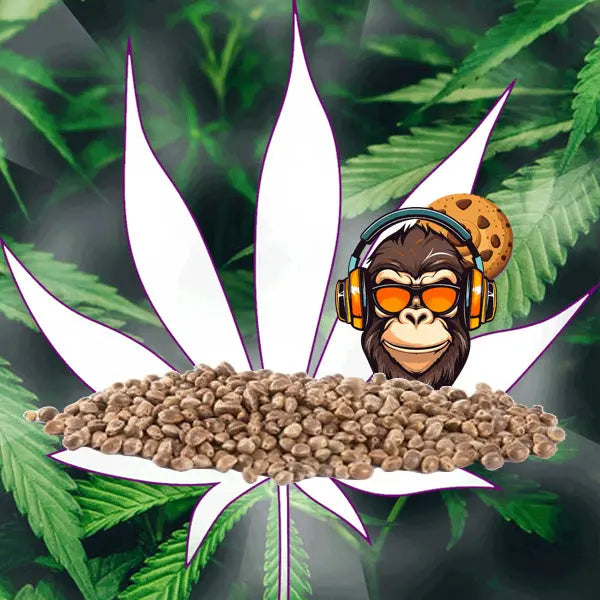🪴Neu! Cannabis Samen "Gorilla Cookies" - Feminized - 3 Stck.🪴 CBD Hexe Onlinehandel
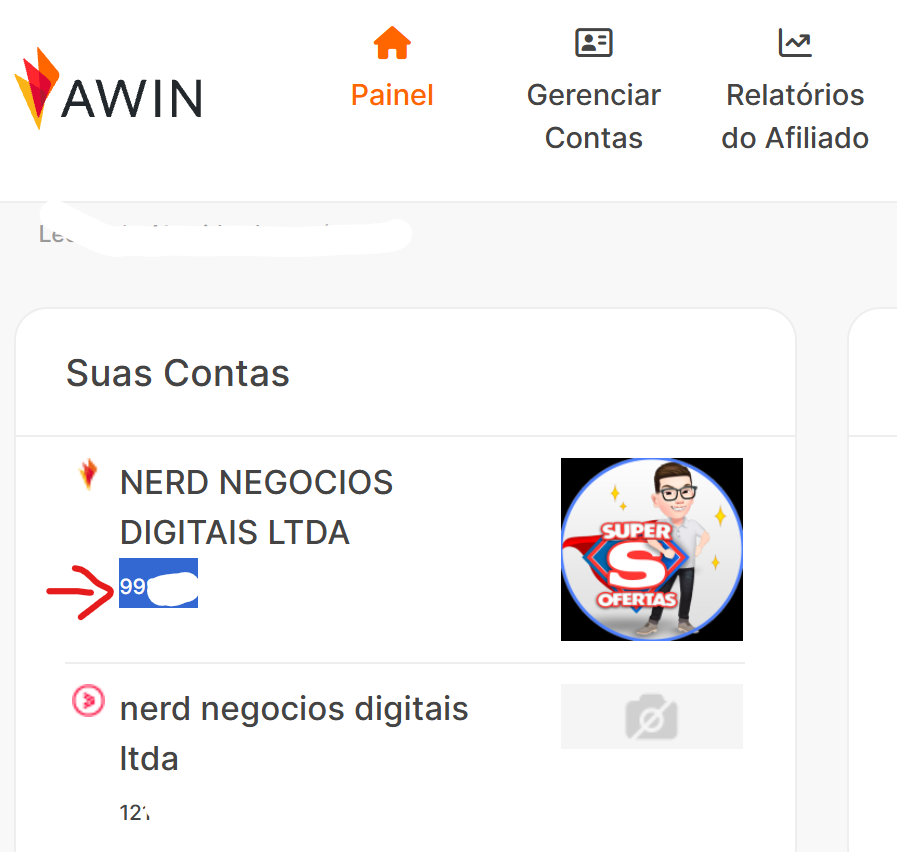 Página da conta na Awin com o ID da conta (publisher ID) destacado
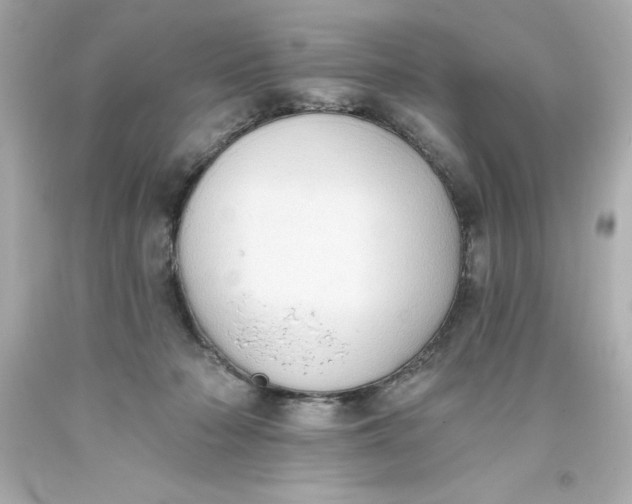 X0000093380318200711011255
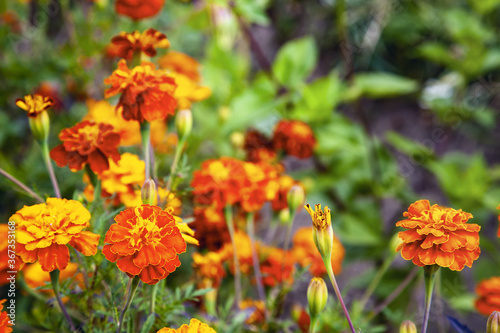 Tagetes patula or French marigold. On a blur background.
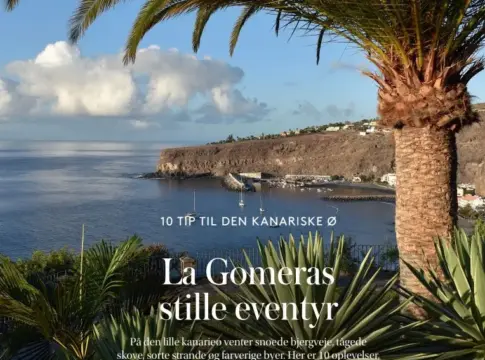 Bahía y puerto de La Gomera Bahía de La Gomera con embarcaciones, acantilado y palmera en primer plano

————————

* Directions for this task *
Pictures aside, restate all of the entries exactly.

* Solution to this exercise *
🪴Neu! Cannabis Samen "Gorilla Cookies" - Feminized - 3 Stck.🪴 CBD Hexe Onlinehandel
 Página da conta na Awin com o ID da conta (publisher ID) destacado
 X0000093380318200711011255
 Tagetes patula or French marigold. On a blur background.
 Bahía y puerto de La Gomera Bahía de La Gomera con embarcaciones, acantilado y palmera en primer plano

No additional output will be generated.